__WHAT THIS TASK INVOLVES__:
Exactly the lines from the one containing "Trendyol Black Oversize" through the one containing "Cute Purple &" in the listing below are to be copied, with the pictures left out.

__RECORD EXCERPTS__:
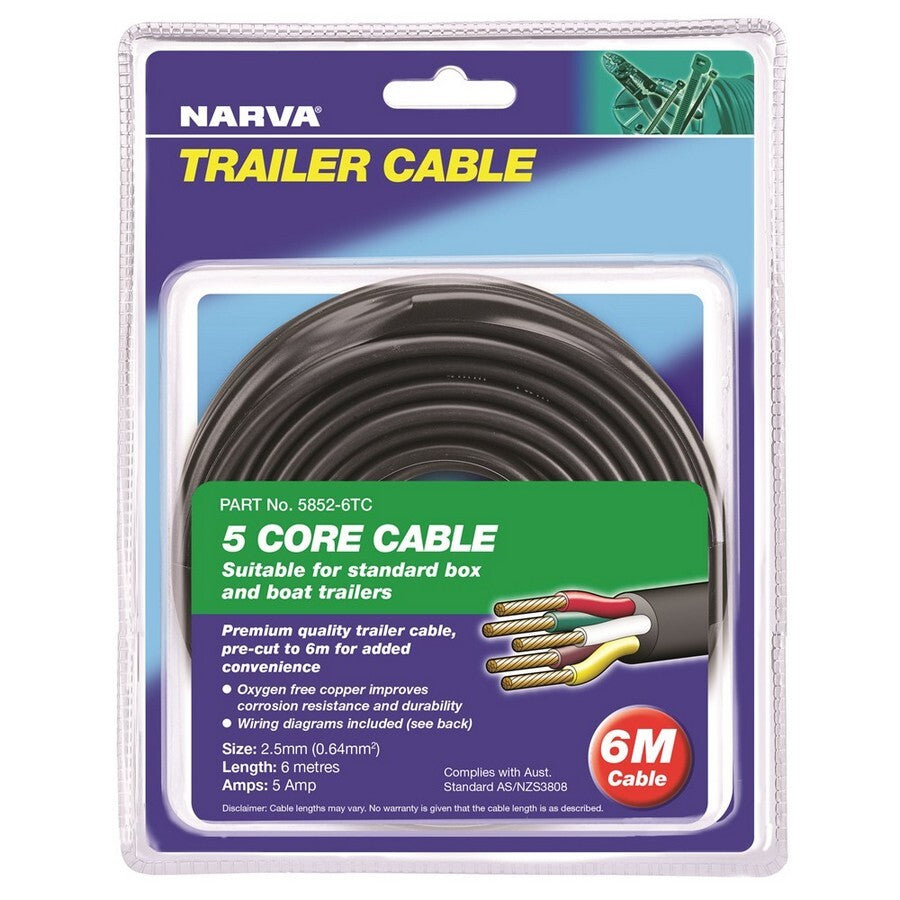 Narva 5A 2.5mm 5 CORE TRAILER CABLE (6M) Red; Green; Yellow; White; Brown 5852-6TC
---
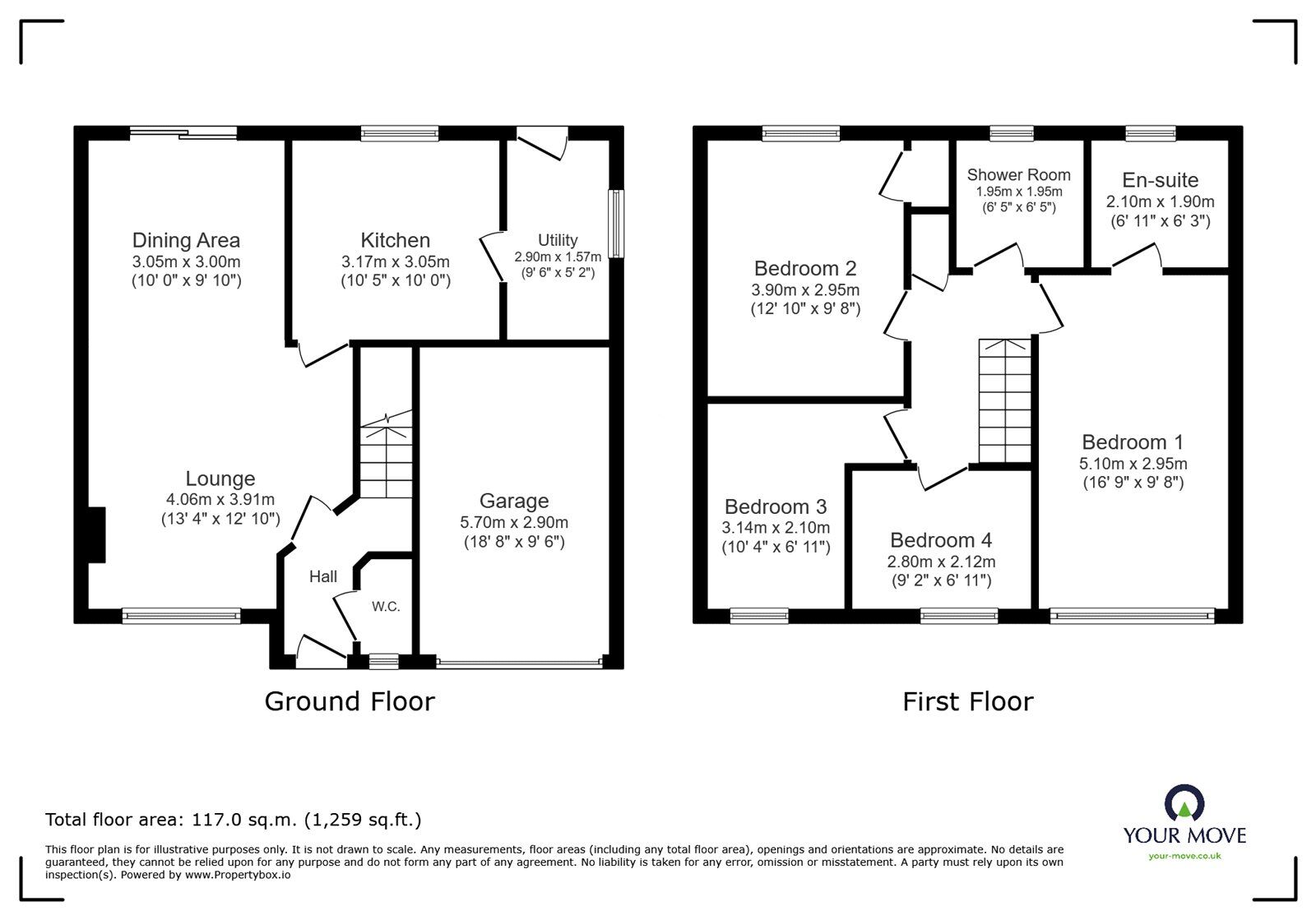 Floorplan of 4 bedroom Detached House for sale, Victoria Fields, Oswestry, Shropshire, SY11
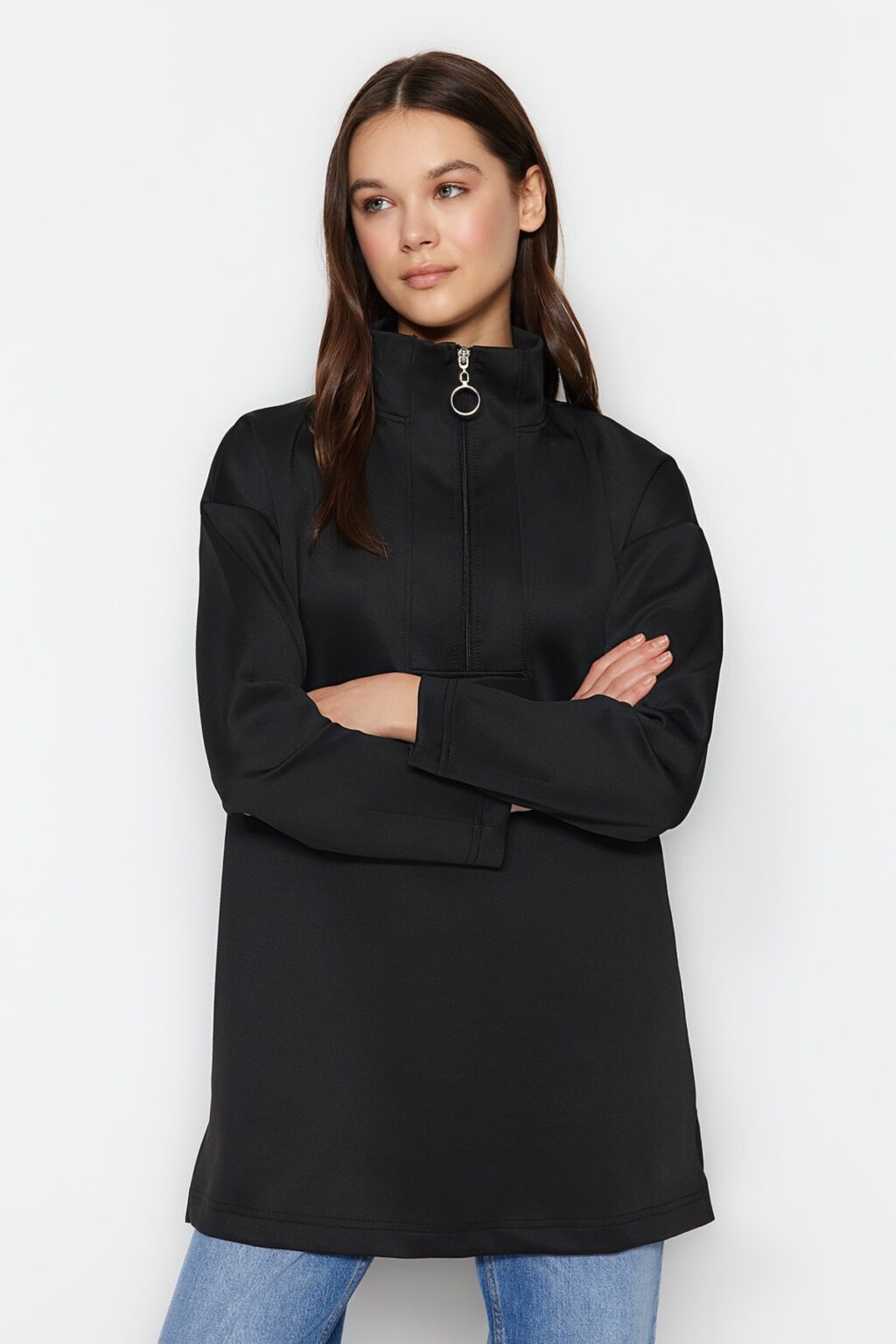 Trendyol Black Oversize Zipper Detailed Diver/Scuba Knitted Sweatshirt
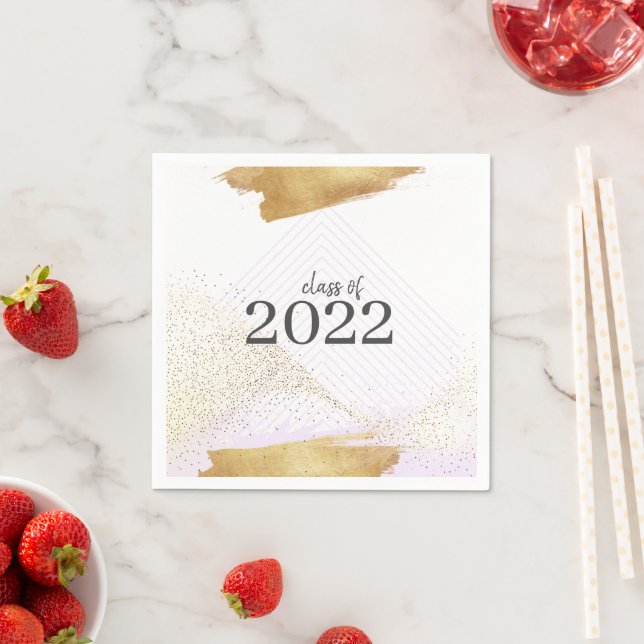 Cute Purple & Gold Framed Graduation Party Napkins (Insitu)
...
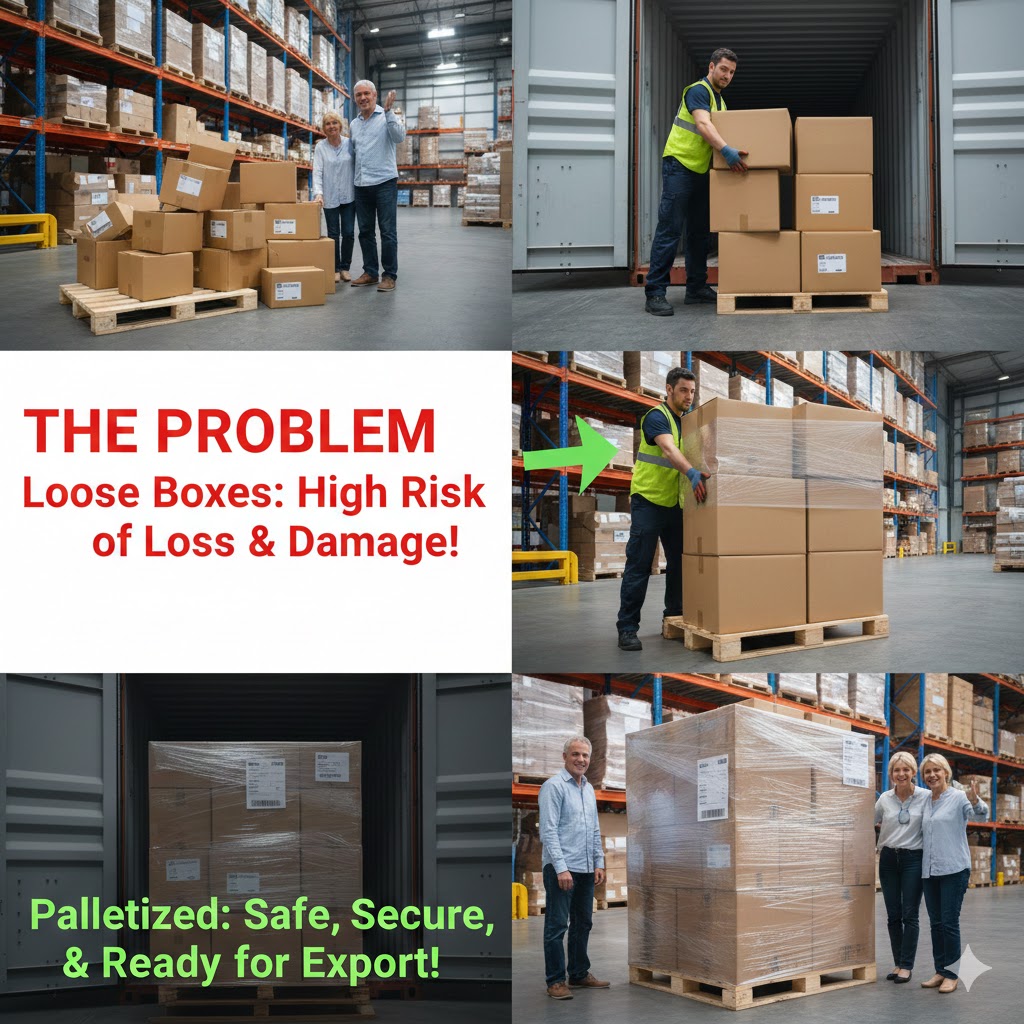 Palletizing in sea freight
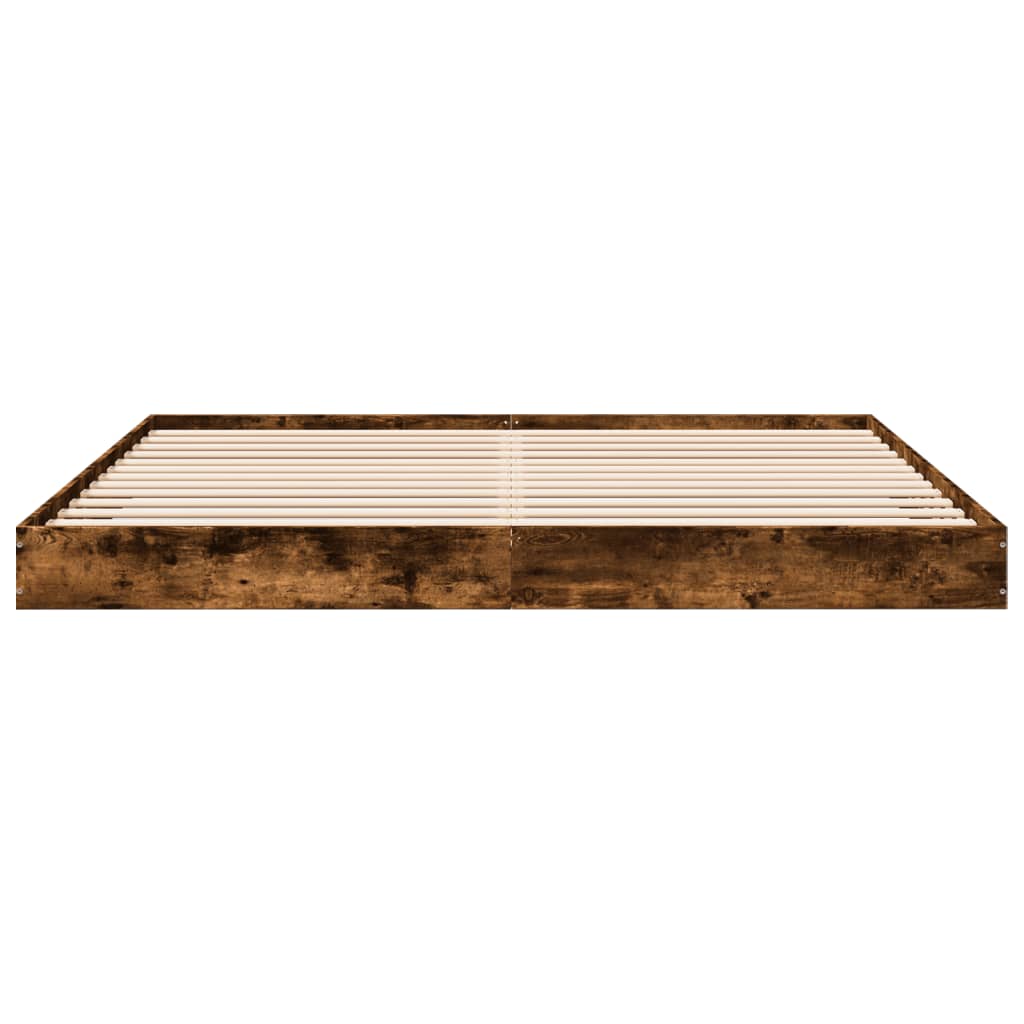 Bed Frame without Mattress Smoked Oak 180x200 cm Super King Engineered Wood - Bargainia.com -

__ANSWER SECTION__:
 Trendyol Black Oversize Zipper Detailed Diver/Scuba Knitted Sweatshirt
 Cute Purple & Gold Framed Graduation Party Napkins (Insitu)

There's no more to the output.